PIG 8 - Datasets¶
Author: Axel Donath, Christoph Deil, Regis Terrier & Atreyee Sinha
Created: Jan 4th, 2019
Withdrawn: Nov 30th, 2019
Status: withdrawn
Discussion: GH 1986
Abstract¶
An essential analysis feature of Gammapy will be the possibility to fit models to gamma-ray data. This includes the simple use-case of fitting spectral, spatial and combined models to binned datasets, but also includes more advanced scenarios such as joint-likelihood fitting of a model across multiple IACT observations, joint-likelihood fitting of IACT and Fermi-LAT data, combined analysis of gamma-ray data with flux points or a combined spectral and cube analysis. The joint-likelihood approach also allows for combining different event types in a single analysis.
For this reason we propose to introduce the abstraction layer of a Dataset
in Gammapy.
A dataset bundles the reduced data with a parametric source model, background model,
instrument response functions and the fit statistics function.

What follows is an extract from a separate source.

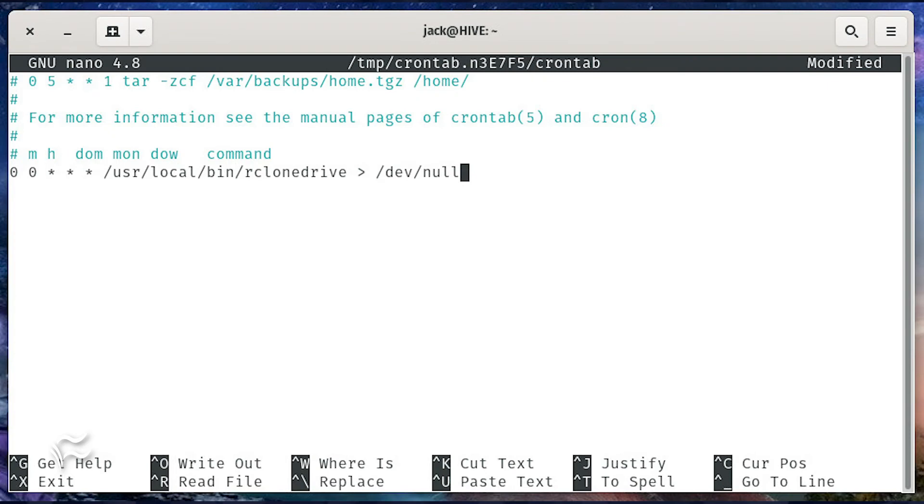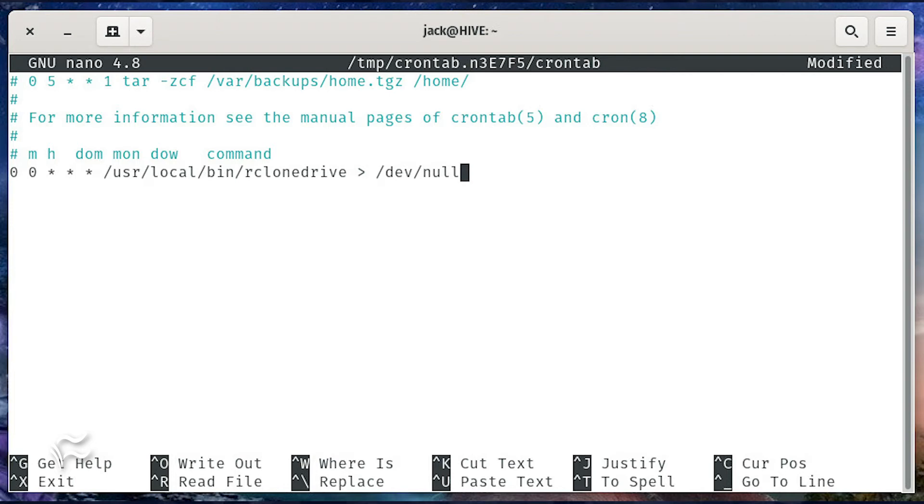At the bottom of that file, paste the following: 00 star star star slash usr slash local slash bin slash rclone drive greater than slash dev slash null. Save and close the file.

It evaluates the model
and returns the log-likelihood of the data, given the current model parameters.
This approach allows to introduce a uniform fitting interface represented by a single
Fit
class, independent of the type of the analysis (spectral, spatial, cube). In
addition Datasets can be combined by adding their log-likelihood values, linking
and concatenating their model parameters. This enables all combinations
of a joint-likelihood analyses described above.
Proposal¶
In general the proposal includes three basic types of classes: Dataset
, Datasets
and Fit ``. The ``Dataset
bundles the model and data, the Datasets
class combines
multiple datasets for joint-likelhood fitting and the Fit
class represents the
interface to the optimization methods, which are implemented in gammapy.utils.fitting
.
Here is an illustration of the proposed API:
from gammapy.utils.fitting import Dataset, Datasets, Fit
dataset = Dataset()
dataset.stat()
fit = Fit(dataset)
fit.optimize()
datasets = Datasets([Dataset(), Dataset()])
fit = Fit(datasets)
fit.optimize()
# or for convenience
datasets = [Dataset(), Dataset()]
fit = Fit(datasets)
fit.optimize()
To enabled the different analysis use-cases we propose to introduce a MapDataset
,
SpectrumDataset
, SpectrumDatasetOnOff
and FluxPointsDataset
.
Dataset¶
The Dataset
class is the abstract base class for all datasets. It defines the minimal required
interface for a dataset to work with the Fit
class and basic user API. It serves
as a base class for all built-in datasets, as well as for user defined ones:
from gammapy.utils.fitting import Dataset
class UserDataset(Dataset):
def __init__(self, model, data, mask_fit=None, mask_safe=None):
self.model = model
self.data = data
self.parameters = model.parameters
self.mask_safe = None
self.mask_fit = None
def stat_per_bin():
return (self.model.evaluate() - self.data) ** 2
Any dataset derived from the base class has to define a .stat_per_bin()
method,
that returns the log-likelihood given the current model parameters and a .parameters
attribute, which defines the parameters passed on to the Fit
class.
The dataset also (optionally) defines two kinds of masks: the mask_safe
and mask_fit
.
The main purpose is that safe data range defined by mask_safe
is set in advance
e.g. during data reduction and not modified later, while the mask_fit
can be
modified by users to manually define the fit range or by algorithms e.g. flux point computation.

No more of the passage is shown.